Plain language summary
Nurses looking after babies and children on intensive care units in the UK usually pass a tube and aspirate whatever food or fluid is in the baby’s stomach before they give a feed. The idea is to ensure that the stomach is not overdistended with food and prevent the baby vomiting or, worse, aspirating food into the lungs. However, there is little justification for this practice. It is rarely done in many other countries. It may not be pleasant for the child and perhaps is unnecessary. Some experts have suggested that the policy should be evaluated in a randomised controlled trial. This would mean allocating a large number of children at random to either have the stomach aspirated before feeds, or not. Such a trial would be a major undertaking and we are unsure if parents or staff would be willing to allow children to participate. The aim of this study was to see if it is possible to conduct such a large trial in the UK. Two surveys (of 119 units) showed us that regularly measuring the stomach contents when starting and increasing feeds is common practice for both newborn and older children in UK intensive care units. However, in some countries, such as France, this practice is rarely done. We asked 31 parents and 51 health-care professionals about a future study. Overall, parents were supportive of a trial if it was explained to them well by a knowledgeable and caring professional, and if they were approached at the right time. Some concerns were expressed about not picking up complications early if gastric residual volume was not measured. Health-care professionals were also mainly positive about a future trial, but mentioned similar concerns about not picking up complications early and the difficulty of changing a long-standing routine practice.
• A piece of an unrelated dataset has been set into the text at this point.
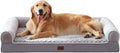 Warmrest Large Dog Beds Large Sized Dogs, Orthopedic XXL XL Dog Bed for Medium Size Dogs, Big Waterproof Couch Sofa with Removable Washable Cover for Pet, Light Grey, 48"*35"*8"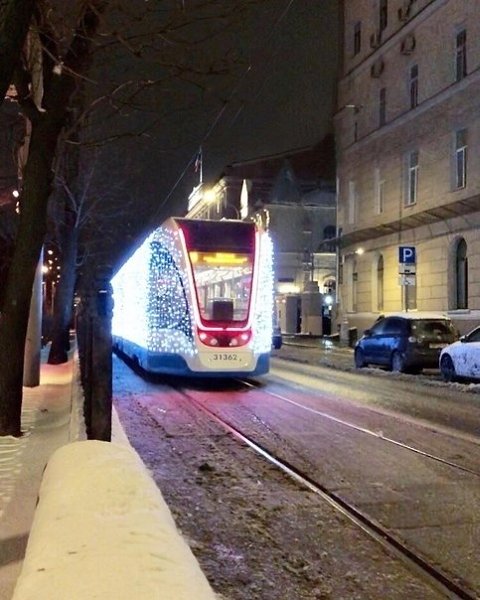 Новогодний трамвай.Москва: Инструкция по применению! - 4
Parents suggested study outcomes that were important to them. These, along with other outcomes, were voted on in a further survey of 106 professionals and at face-to-face meetings involving 41 participants. Overall, our findings suggest that a trial is feasible to perform and acceptable to parents. However, because of differences in both treatments and important outcomes between children’s intensive care units and newborn baby intensive care units, two trials would be needed, one in each type of intensive care unit. These two trials will test whether or not the benefits of not measuring gastric residual volume (e.g. improved calorie intake) outweigh the potential harms (e.g. delayed diagnosis of complications).